A short response assignment for English 211, Major British Authors: Medieval to Neoclassical, a sophomore British literature survey course taught by Rita Jones-Hyde, written on 5 September 2006 at The University of North Carolina at Greensboro
Christian Anti-Semitism in Margery Kempe's "Vision of the Passion"
by Matt Wallace
In Book 1.79 of The Book of Margery Kempe, "Margery's Vision of the Passion Sequence" (395-7), Kempe relates a vision of the betrayal of Christ which is in keeping with the traditional medieval passion plays with which she surely must have been familiar. The vision begins with Jesus first comforting his mother, and then Margery. He has accepted His fate and expects them to do the same. In a counterpoint to this Christly display of compassion, the vision abruptly degenerates into an anti-Semitic indictment of the Jews for their role in the death of Jesus.

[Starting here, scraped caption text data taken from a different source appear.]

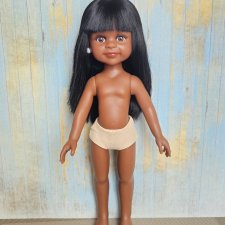 Редкая Клепа-Нора на стройном теле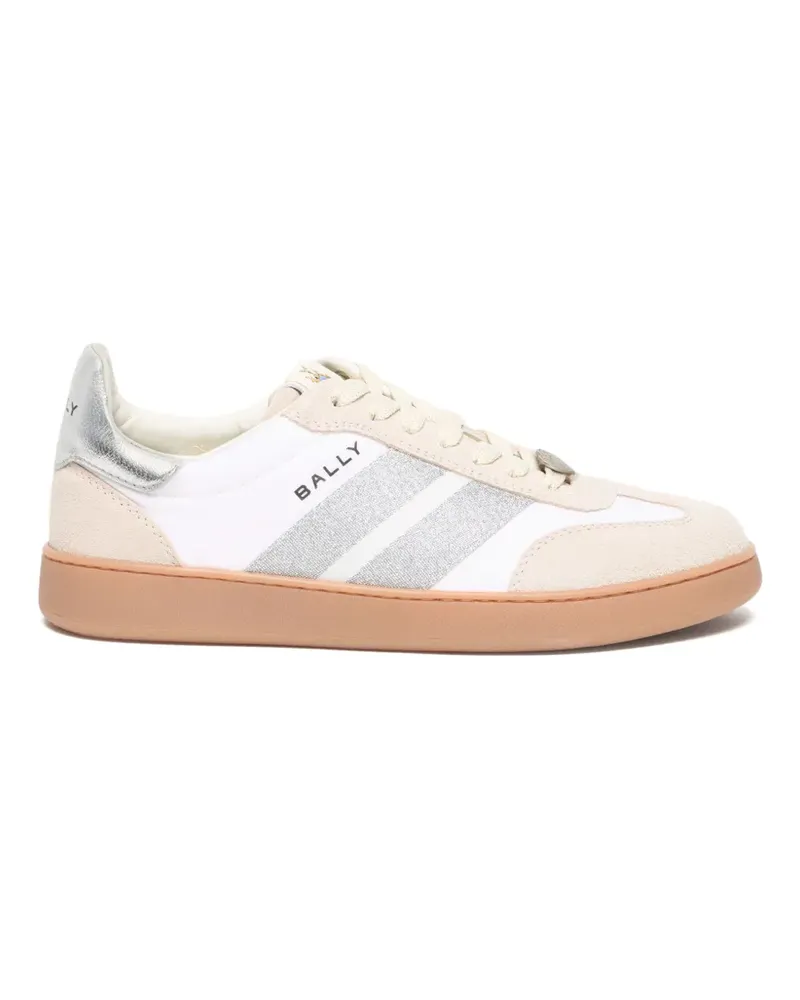 Bally Retro Crest sneakers - Nude Nude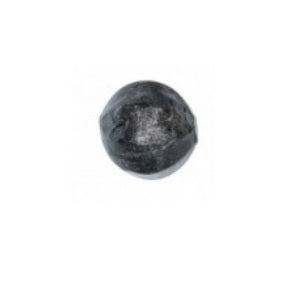 Solid ball made of steel 15-022 / 30, Ø 30 mm, forged, without opening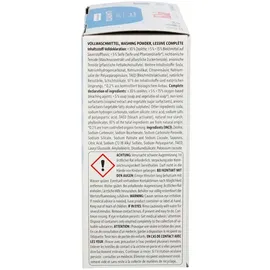 Klar Vollwaschmittel Pulver 1,1 kg 20 WL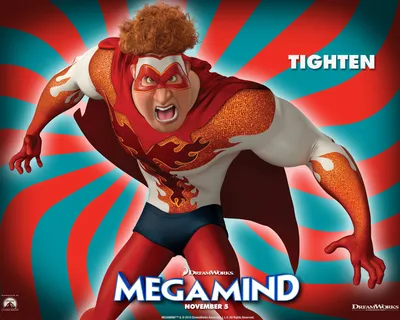 Постеры мультфильма Мегамозг, 2010 на портале Киноафиша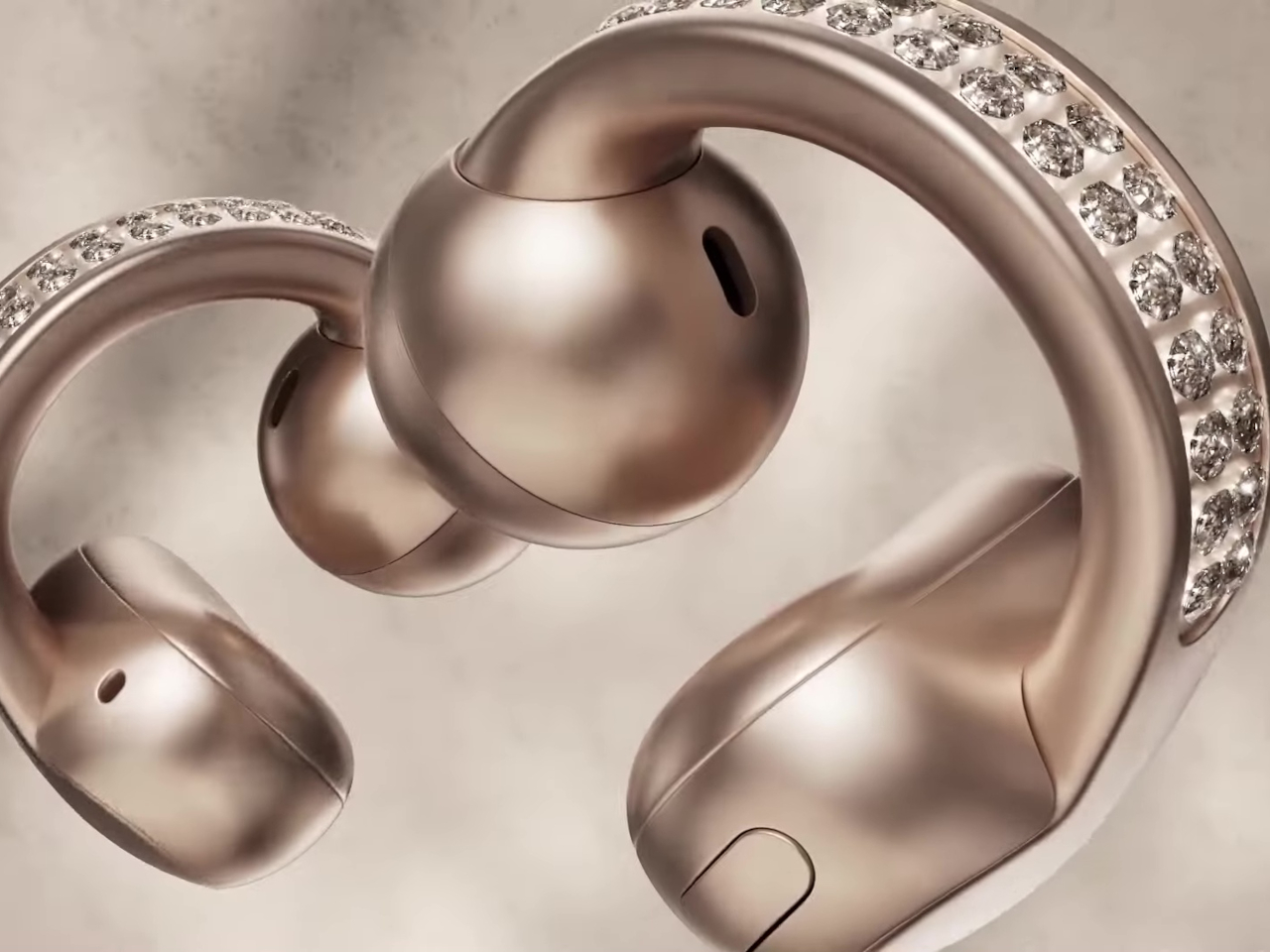 headset，Bose sound effects，crystal，Fashion Technology，Motorola，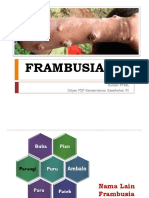 Klinis Frambusia - 1015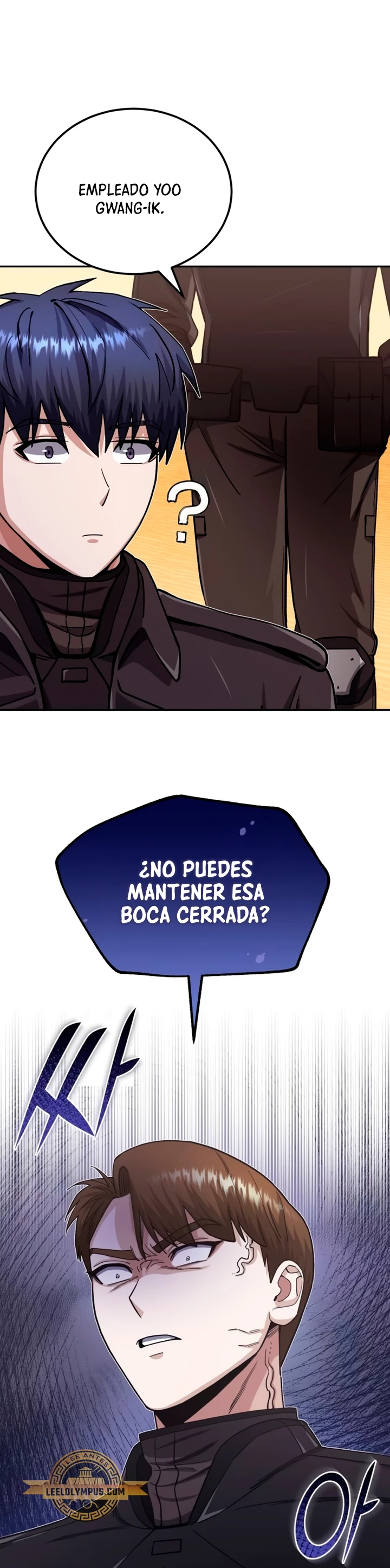 Genio del Linaje único capítulo 67 página 17
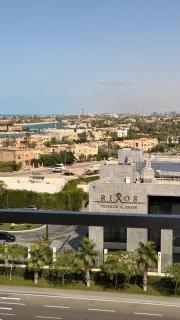 Sea-view family apartment with 3BR Opposite Rixos premium Alamein By Gadora - 7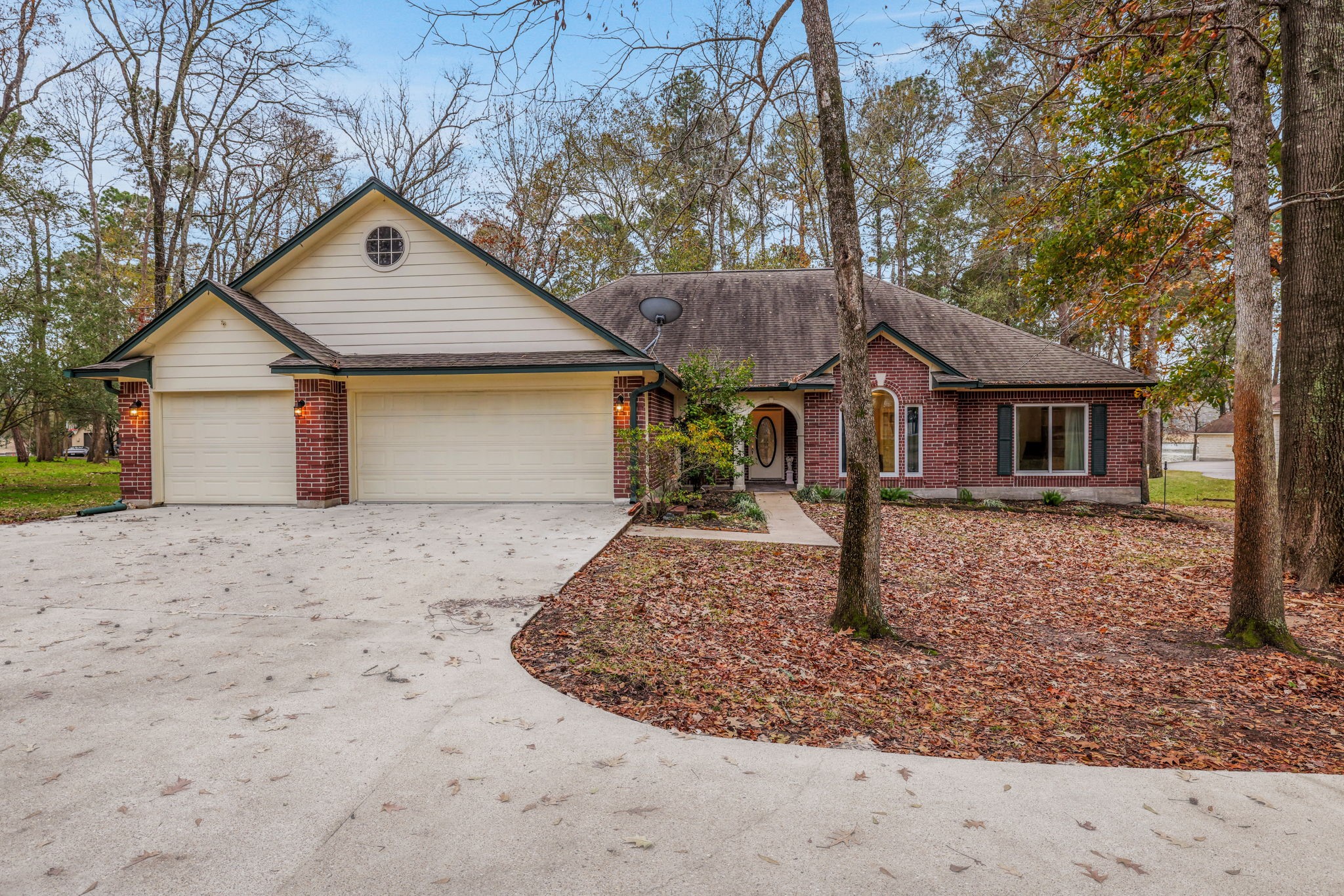 60 Woodbury Court Coldspring TX 77331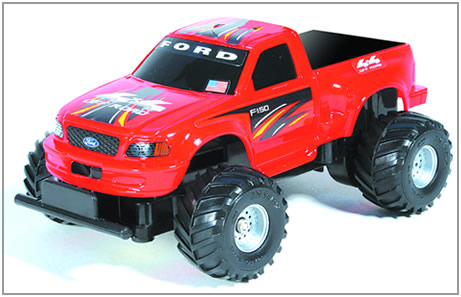 24th Ford F-150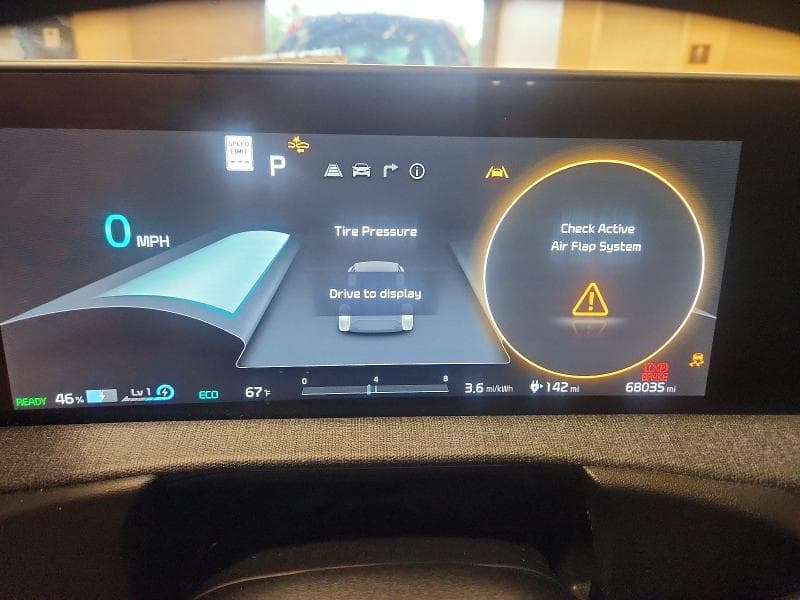 2023 KIA EV6 WIND 9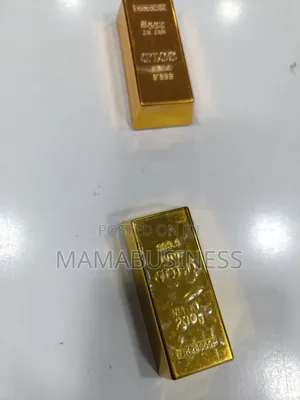 1pc Gold Bar Prop Bar - 200g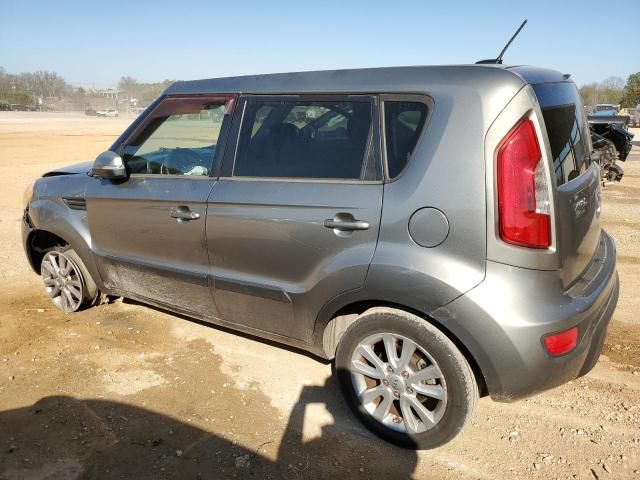 2012 KIA Soul +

True to the passion play tradition, the role of the Jews in the sequence of events leading to the Crucifixion is described in the most graphic terms. Judas performs the kiss of betrayal, and the Jews accompanying him "laid hands upon Him full violently" (397). The Jews beat, spit upon, and taunt Jesus while "our Lady and she her unworthy handmaiden for the time wept and sighed full sore for the Jews fared so foully and venomously with their blissful Lord" (397). Adding to the humiliation of Jesus, the Jews strip and bind Him "and beat Him on His fair white body" (397).
The only purpose for such imagery is to foment hatred for the Jews, both past and present. Judas is shown to be in league with the hateful Jews though, as the recently published Gnostic Gospel of Judas suggests, he was the most faithful of the Disciples who sacrificed himself to implement God's plan. Likewise, the Jews who arrested and abused Jesus were doing likewise by mortifying weak flesh in preparation for the release of unconquerable Spirit.
This traditional Christian anti-Semitism is both perverse and heretical. The death of Jesus the Man is necessary for the Resurrection of Christ the Redeemer; without this process, Christianity is rendered meaningless. The role of Judas, the Jews, and the Romans as well, is all part of the Divine plan for the redemption of mankind from Original Sin. Any demeaning of the vital roles performed by any of the players in the Passion of the Christ is blasphemy.
(Note: Page numbers refer to The Norton Anthology of English Literature, 8th Edition unless otherwise indicated.)